Real monitoring data from April 7, 2026 — a perfect sunny day in Athens, Greece.
Recorded by Home Assistant + Prometheus. Every data point is real.
The problem: EcoFlow markets the Stream system as "expandable to 6 batteries" with "surplus solar energy automatically transferring between batteries." In reality, a 1200W inverter bottleneck means expansion batteries cannot charge from solar while your home uses power. We paid €849 for an expansion battery that charged from 10% to 19% on a full sun day — while the main battery hit 100% and solar panels were forced to shut down.
EcoFlow's own R&D team confirmed this is a design limitation, not a bug.
Both batteries in the same house, connected to the same solar system. The main battery charges to 99.8%. The expansion battery you paid €849 for? Stuck at 19%. Same sun. Same system.

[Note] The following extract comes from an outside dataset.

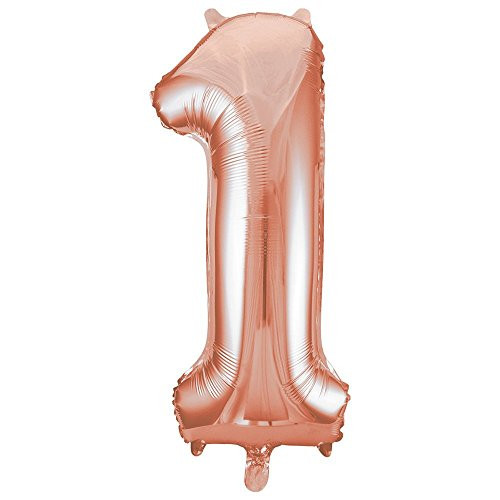 34 Foil Rose Gold Number 1 Balloon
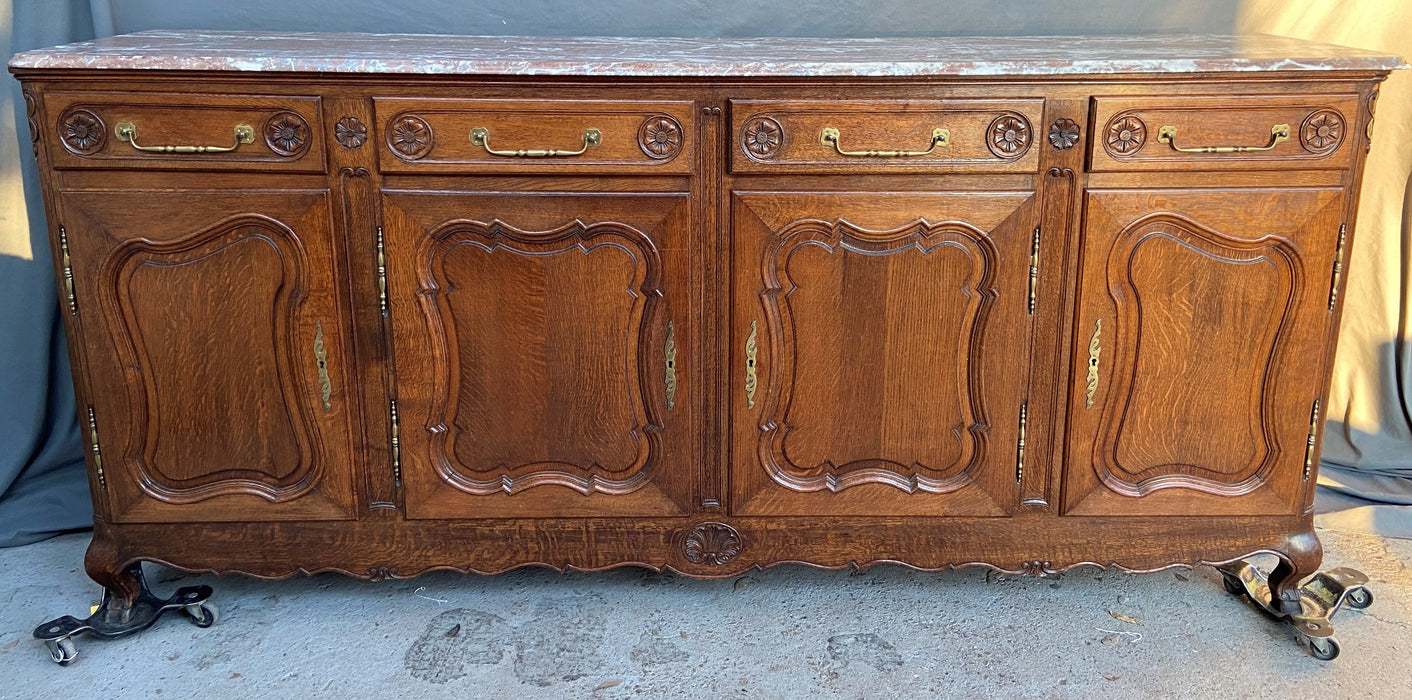 LOUIS XV MARBLE TOP OAK SIDEBOARD - AS FOUND, REPAIRED MARBLE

The gap between yellow (solar) and orange (inverter) is energy your panels produce but the system throws away. The inverter can only push 1200W — everything above is trapped and can't reach the expansion battery.
Green = charge to the main battery. Red = charge to the expansion battery (barely visible). Purple = the inverter busy powering your home. The 1200W inverter spends all its capacity on home load — nothing left for the expansion battery.
Four solar panels producing up to 500W each. When the main battery fills up and the inverter is maxed, the system shuts down the panels. The expansion battery is at 18%, empty and ready — but the bottleneck won't let a single watt through. This is "expandable to 6 batteries" in practice.
What does this mean for 6 batteries? With 6 units, 5 out of 6 batteries get 0W from solar under any normal household load. The "expandable to 23 kWh" marketing claim is functionally meaningless. You're paying for storage capacity the system architecture prevents you from using.